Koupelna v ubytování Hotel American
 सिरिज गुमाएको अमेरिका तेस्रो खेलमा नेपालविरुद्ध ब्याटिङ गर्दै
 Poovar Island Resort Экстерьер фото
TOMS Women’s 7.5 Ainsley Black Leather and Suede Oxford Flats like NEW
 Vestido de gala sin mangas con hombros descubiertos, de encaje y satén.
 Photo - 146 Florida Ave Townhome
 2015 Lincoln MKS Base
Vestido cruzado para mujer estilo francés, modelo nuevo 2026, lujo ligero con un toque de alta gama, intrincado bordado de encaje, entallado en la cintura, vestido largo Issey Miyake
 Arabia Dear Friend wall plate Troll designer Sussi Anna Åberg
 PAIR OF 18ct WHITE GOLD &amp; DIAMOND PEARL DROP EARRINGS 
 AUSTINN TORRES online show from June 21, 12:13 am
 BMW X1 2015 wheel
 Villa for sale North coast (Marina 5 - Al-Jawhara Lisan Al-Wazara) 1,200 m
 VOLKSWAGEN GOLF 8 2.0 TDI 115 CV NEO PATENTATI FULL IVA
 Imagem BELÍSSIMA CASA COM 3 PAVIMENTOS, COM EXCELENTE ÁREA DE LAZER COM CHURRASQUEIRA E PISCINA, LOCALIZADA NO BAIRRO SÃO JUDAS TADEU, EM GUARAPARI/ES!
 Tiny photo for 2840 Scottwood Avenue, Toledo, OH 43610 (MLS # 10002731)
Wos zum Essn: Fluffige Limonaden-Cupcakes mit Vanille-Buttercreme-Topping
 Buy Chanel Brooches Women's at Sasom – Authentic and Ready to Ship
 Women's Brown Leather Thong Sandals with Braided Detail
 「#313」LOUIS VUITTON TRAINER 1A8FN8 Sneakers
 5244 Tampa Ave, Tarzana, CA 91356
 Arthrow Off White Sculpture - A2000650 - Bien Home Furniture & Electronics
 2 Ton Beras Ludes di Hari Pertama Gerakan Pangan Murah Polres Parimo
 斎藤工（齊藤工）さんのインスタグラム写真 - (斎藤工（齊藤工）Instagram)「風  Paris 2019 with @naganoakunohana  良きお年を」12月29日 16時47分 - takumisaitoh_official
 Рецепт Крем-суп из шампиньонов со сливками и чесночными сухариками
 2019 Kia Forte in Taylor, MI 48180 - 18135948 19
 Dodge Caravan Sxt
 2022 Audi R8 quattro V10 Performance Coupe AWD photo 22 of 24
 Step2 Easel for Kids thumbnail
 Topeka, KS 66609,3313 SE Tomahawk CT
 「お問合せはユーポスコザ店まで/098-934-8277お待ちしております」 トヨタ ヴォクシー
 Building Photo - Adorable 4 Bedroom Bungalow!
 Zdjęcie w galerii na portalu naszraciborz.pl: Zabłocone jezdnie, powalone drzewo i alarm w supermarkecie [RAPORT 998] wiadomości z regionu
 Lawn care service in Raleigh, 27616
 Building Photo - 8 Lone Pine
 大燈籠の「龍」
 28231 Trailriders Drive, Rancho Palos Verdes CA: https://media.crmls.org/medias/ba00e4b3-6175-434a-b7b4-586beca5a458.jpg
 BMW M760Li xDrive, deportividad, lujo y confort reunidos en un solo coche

--

Task to carry out: The answer must be every line of the entries that includes the word "Leather".

Answer box:
TOMS Women’s 7.5 Ainsley Black Leather and Suede Oxford Flats like NEW
 Women's Brown Leather Thong Sandals with Braided Detail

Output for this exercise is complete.